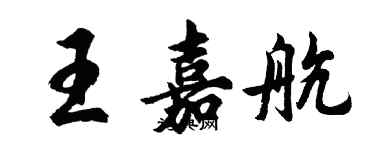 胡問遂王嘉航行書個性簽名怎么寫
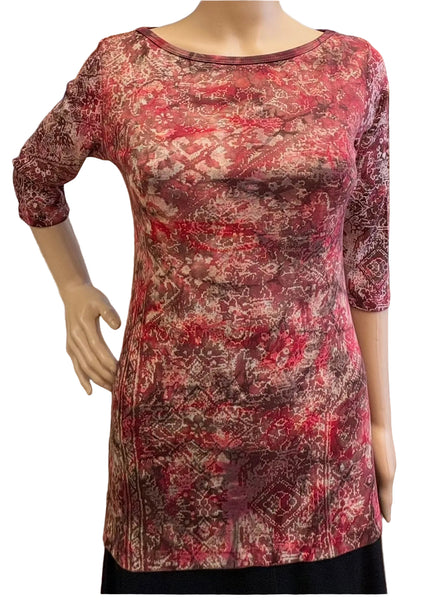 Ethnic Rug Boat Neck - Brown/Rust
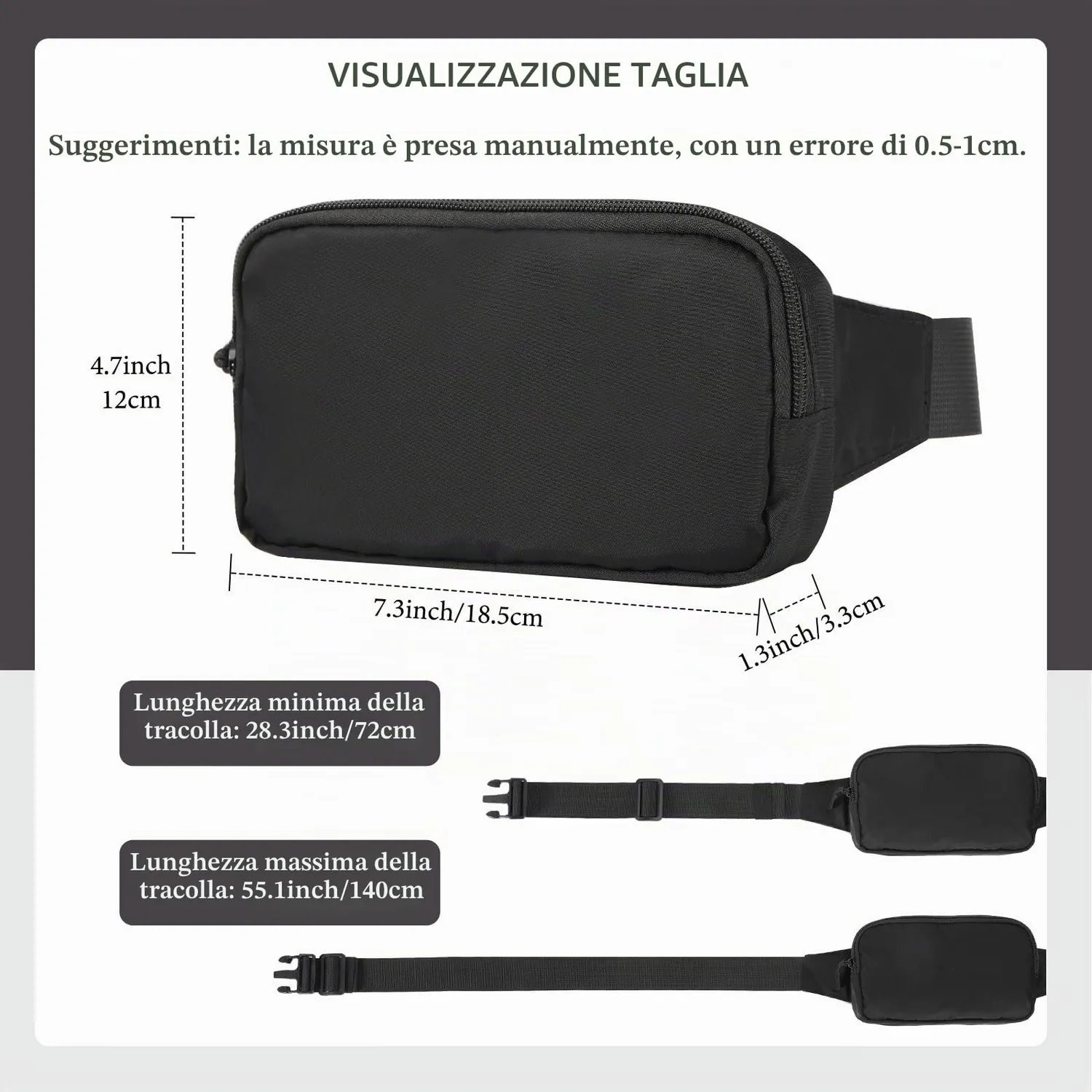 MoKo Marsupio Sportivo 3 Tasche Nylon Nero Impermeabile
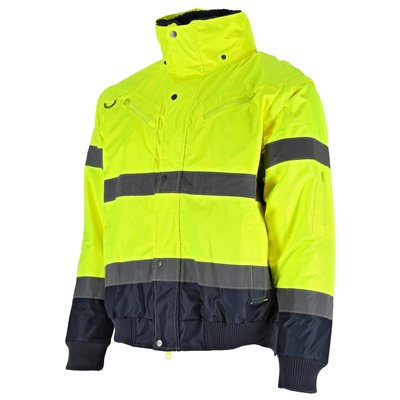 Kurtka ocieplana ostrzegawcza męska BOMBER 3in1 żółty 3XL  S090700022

--

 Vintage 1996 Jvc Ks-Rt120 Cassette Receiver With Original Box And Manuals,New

▶ [WORK TO BE COMPLETED]: Your answer must be the lines above from the one holding "Ethnic Rug Boat Neck - Brown/Rust" up to and including the one holding "Kurtka ocieplana ostrzegawcza", exact and with no pictures.

▶ [RESPONSE BOX]:
 Ethnic Rug Boat Neck - Brown/Rust
 MoKo Marsupio Sportivo 3 Tasche Nylon Nero Impermeabile
 Kurtka ocieplana ostrzegawcza męska BOMBER 3in1 żółty 3XL  S090700022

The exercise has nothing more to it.